Impacto para os brasileiros
Com a nova legislação, muitos brasileiros descendentes de italianos enfrentarão desafios para obter a cidadania. Atualmente, a cidadania só será concedida se houver um vínculo direto e recente com ascendentes italianos, ou seja, filhos ou netos de italianos. Dados indicam que milhões de brasileiros têm esse direito de sangue e podem ser afetados. As restrições buscarão também evitar fraudes e o uso indevido do processo.
As mudanças incluem a centralização do processo em Roma, removendo as embaixadas e consulados do exterior como pontos de solicitação. Um novo escritório vinculado ao Ministério das Relações Exteriores gerenciará os pedidos, e essa medida entrará em vigor após um período de transição de um ano. Estima-se que esta nova estruturação possa provocar um aumento considerável nos processos judiciais na Itália.
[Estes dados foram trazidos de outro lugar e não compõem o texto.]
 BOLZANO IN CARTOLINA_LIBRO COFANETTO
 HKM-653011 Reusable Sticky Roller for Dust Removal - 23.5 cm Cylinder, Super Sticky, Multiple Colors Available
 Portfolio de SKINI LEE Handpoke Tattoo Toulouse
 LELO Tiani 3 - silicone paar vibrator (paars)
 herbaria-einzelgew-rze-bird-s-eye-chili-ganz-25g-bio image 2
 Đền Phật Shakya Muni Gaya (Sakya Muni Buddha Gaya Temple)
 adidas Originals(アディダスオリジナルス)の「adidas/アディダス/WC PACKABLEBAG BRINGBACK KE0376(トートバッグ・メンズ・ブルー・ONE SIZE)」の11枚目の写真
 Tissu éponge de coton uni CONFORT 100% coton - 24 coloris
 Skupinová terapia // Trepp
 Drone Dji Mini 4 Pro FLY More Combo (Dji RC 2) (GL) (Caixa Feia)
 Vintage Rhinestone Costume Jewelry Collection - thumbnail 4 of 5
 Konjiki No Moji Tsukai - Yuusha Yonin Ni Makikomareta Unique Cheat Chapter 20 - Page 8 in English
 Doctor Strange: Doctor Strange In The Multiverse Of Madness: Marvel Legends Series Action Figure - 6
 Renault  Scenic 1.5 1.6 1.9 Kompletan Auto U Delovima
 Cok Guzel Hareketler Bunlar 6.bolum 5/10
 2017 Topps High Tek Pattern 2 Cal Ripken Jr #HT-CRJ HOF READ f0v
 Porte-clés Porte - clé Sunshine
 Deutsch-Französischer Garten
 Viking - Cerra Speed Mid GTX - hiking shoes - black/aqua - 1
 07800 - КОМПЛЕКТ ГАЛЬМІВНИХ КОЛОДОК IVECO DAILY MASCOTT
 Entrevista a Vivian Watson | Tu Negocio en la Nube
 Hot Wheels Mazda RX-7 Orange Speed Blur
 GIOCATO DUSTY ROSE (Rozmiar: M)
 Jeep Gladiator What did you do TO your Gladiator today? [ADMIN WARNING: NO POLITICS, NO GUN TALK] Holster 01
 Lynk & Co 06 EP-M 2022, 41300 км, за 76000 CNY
Com a exigência de que pedidos futuros passem por um sistema centralizado, espera-se que os custos e a logística para muitos requerentes sejam significativamente alterados. A implementação das novas regras é vista como controversa e pode enfrentar desafios legais, considerando o impacto profundo sobre os descendentes de italianos.
O projeto precisa ser aprovado antes de 27 de maio pela Câmara dos Deputados italiana para se tornar definitivo. Até lá, permanece a incerteza sobre o impacto total das mudanças para os descendentes de italianos em busca da cidadania.